If you have additional questions that you would like answered, contact REMco.

 

What is a VSI crusher?
A VSI crusher is a vertical shaft impactor. It is a mineral crushing machine that uses velocity and impact to reduce the size of minerals fed to it to a smaller size.

 

Is there more than one type of VSI?
Yes, there are three basic types. Autogenous, semi-autogenous and standard hard parts. Autogenous VSI units use a rock lined rotor and a rock lined chamber; semi-autogenous use a rock lined rotor and a crushing chamber with anvils; a standard VSI uses a rotating impeller with iron wear shoes and a chamber with anvils.
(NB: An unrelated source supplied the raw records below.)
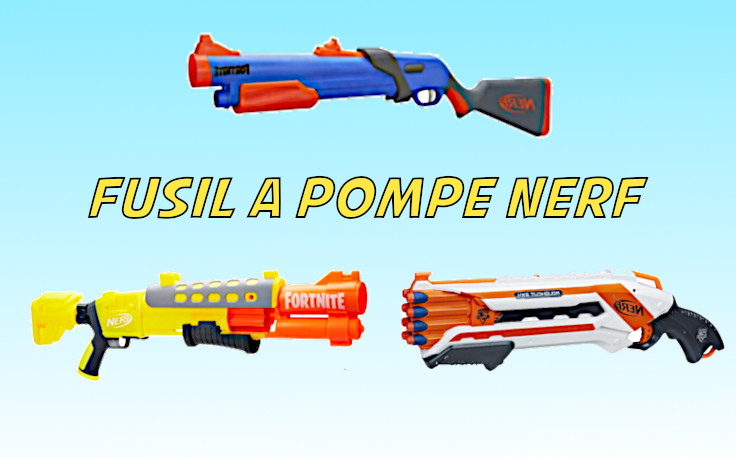 Fusil à pompe Nerf : Test et avis des modèles + meilleurs prix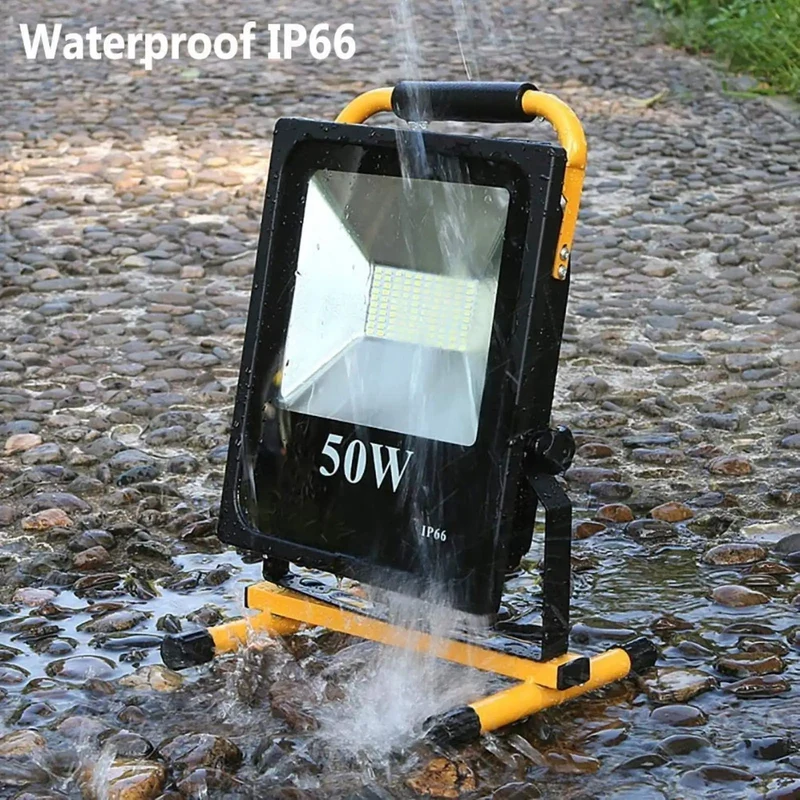 Badass 50W Led Rechargeable Floodlight Boasting 5000 Lumens Of Brutal Brightness This Rugged Waterproof Work Light Is Built For Construction Sites Yards And Garages So You Can Tackle Any Job Indoors Or Outdoors With Zero Hassle And Total Reliability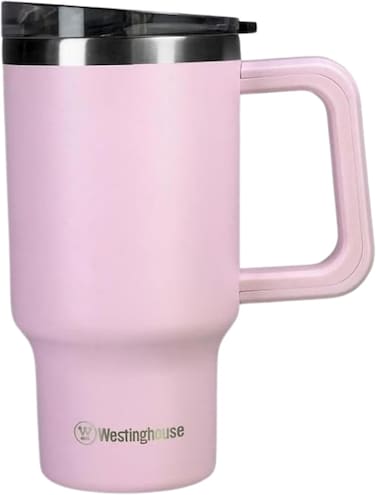 Westinghouse USA 32oz Double-Wall Stainless Steel Tumbler   Vacuum Insulated Cup for Coffee, Tea &amp; Water   BPA-Free, Leak-Proof Travel Mug   Keeps Drinks Hot 6 Hrs &amp; Cold 9 Hrs   Pink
Within these three basic machines, REMco offers over 30 standard configurations to meet specific product requirements.

 

Compared to cone crushers, are VSIs more expensive to operate?
When properly applied and operated, VSI crushers can produce crushed materials at the same or less wear cost per net ton of product as a cone crusher. REMco VSI Crushers can produce materials smaller than 1/2" (13 mm) at lesser costs than cone crushers.

 

Can VSI crushers make the same products as a cone crusher?
Yes! VSI crushers can produce the same products as a cone crusher. Closed circuit operation is preferred when the VSI is operated in a 3rd or 4th stage application. One of the major benefits of a VSI when compared to a cone crusher is the shape of the finished particle which is typically more cubical and uniform when compared to a cone crusher product. REMco VSI discharge grading are finer than cone crusher gradings when operating in closed circuit.

 

Is the product grading affected by wear of the rotor parts?
No. The REMco rock-on-rock VSI's product grading is affected by power demand for the feed load, feed grading and rotor speed. The grading remains constant regardless of wear parts condition. For REMco ST/AR machines with anvils, wear of the crushing parts will coarsen the discharge grading.

 

How often will the REMco VSI need to be serviced?
It is recommended that a visual inspection be made on a regular daily basis. Actual service intervals will be determined by the nature of the application, abrasiveness of the rock, and expertise of the operator.

 

Is the REMco VSI noisy in operation?
The REMco VSI is not a noisy crusher. Sound levels during normal operation range from 75dB to 85dB at a point 1 meter from the machine. The rock lining within the chamber is a very effective sound insulator. Often, the electric motor and surrounding machinery are noisier. Noise levels will vary with installation.

 

Does the REMco VSI vibrate when in normal operation?
If the REMco VSI rotor is in proper balance, vibration is nil or often non-existent. However, some vibration during the crushing process is normal. Coarser feeds result in more noticeable vibration. Finer feeds tend to result in smoother crusher operation. Pulsing of the vibration level is normal as the rotor builds and sheds different size rock pieces.

 

Is the REMco VSI dusty in operation?
The REMco VSI is fitted with an air re-circulation system designed to reduce the air pressure build-up within the machine. Under normal operating conditions, this recycles the air which enters with the feed material, lowering the emission of dust below the machine. If the feed material is very dry or extremely fine crushing is desired, and any objectionable dusting appears, it is suggested that a water fogging nozzle be added in the feeding area.

 

Can the REMco VSI be installed on an existing or rigid support structure?
Yes, REMco VSI crushers may be installed on a wide variety of support systems. The vibration isolators protect not only the crusher but also anything on which it is mounted from most vibrational loads. Many are installed on old existing crusher footings of fabricated construction or concrete. REMco offers a low cost installation kit or adapter plate, if required.

 

What is the feed size that REMco VSIs can accept?
The larger models of REMco units (5080 and 9150 series) can accept feed sizes up to 4" / 100 mm. The medium size units (2040 and 4060 series) can accept feed sizes to 3" / 75 mm and the smaller machines below 2040 series are limited to 2" / 50 mm or smaller.

 

Can a REMco VSI be used to improve product shape?
All REMco VSIs provide excellent shaping of all materials crushed. In some applications, by operating the machine at a low speed, a dry scrubbing action can be achieved to remove soft, undesirable particles and also to shape sharp angular material produced by compression crushers.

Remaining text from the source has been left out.